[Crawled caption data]
========================================
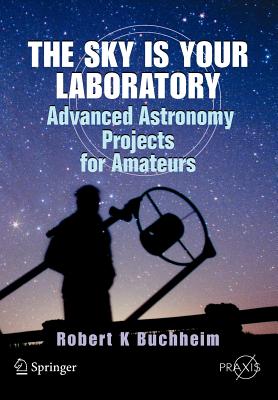Imagen del vendedor de The Sky Is Your Laboratory: Advanced Astronomy Projects for Amateurs (Paperback or Softback) a la venta por BargainBookStores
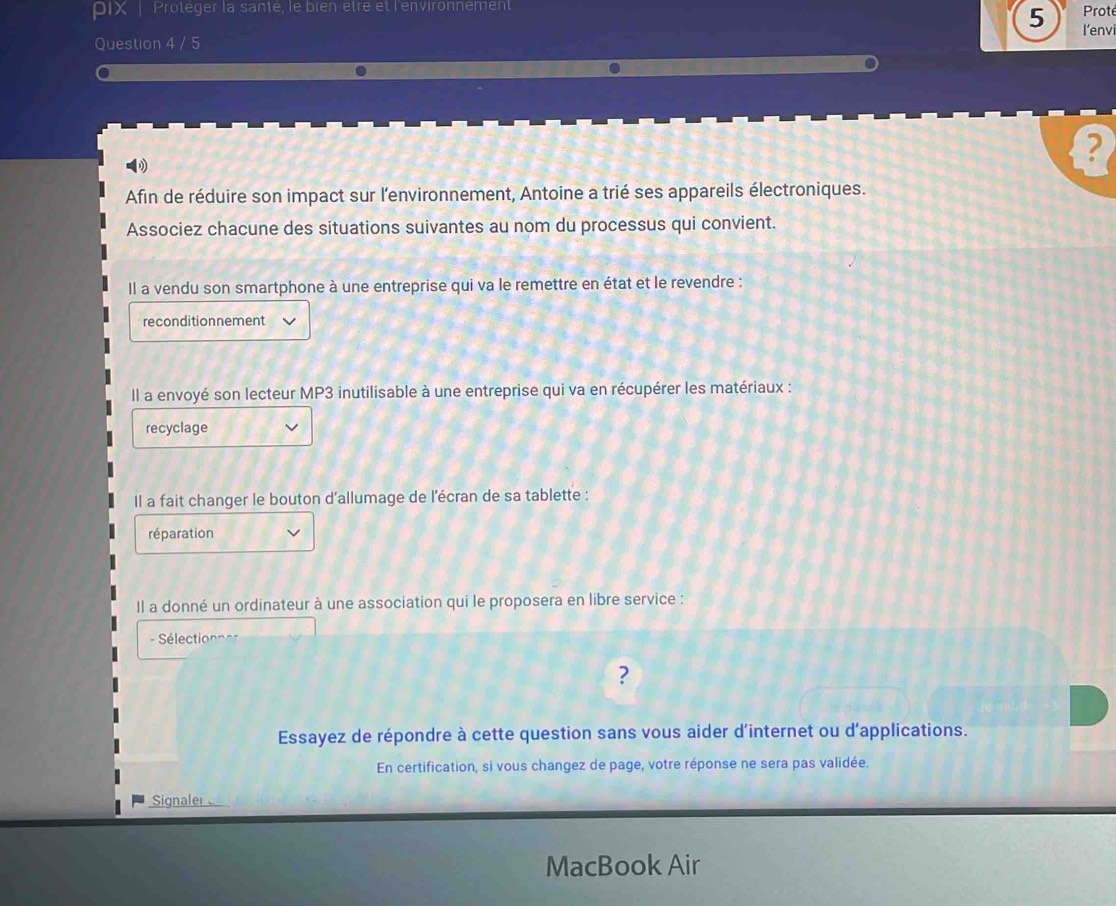 PIX | Proteger la sante, le bren être et l'environnement
Prot
5 l'envi
Question 4 / 5
?
Afin de réduire son impact sur l'environnement, Antoine a trié ses appareils électroniques.
Associez chacune des situations suivantes au nom du processus qui convient.
Il a vendu son smartphone à une entreprise qui va le remettre en état et le revendre :
reconditionnement
Il a envoyé son lecteur MP3 inutilisable à une entreprise qui va en récupérer les matériaux :
recyclage
Il a fait changer le bouton d'allumage de l'écran de sa tablette :
réparation
Il a donné un ordinateur à une association qui le proposera en libre service :
Sélection = 
?
Essayez de répondre à cette question sans vous aider d'internet ou d'applications.
En certification, si vous changez de page, votre réponse ne sera pas validée.
Signaler
MacBook Air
========================================
■ PROBLEM ■
Go through the entries above and report every line in which the word "vous" appears.

■ TASK RESPONSE ■
Essayez de répondre à cette question sans vous aider d'internet ou d'applications.
En certification, si vous changez de page, votre réponse ne sera pas validée.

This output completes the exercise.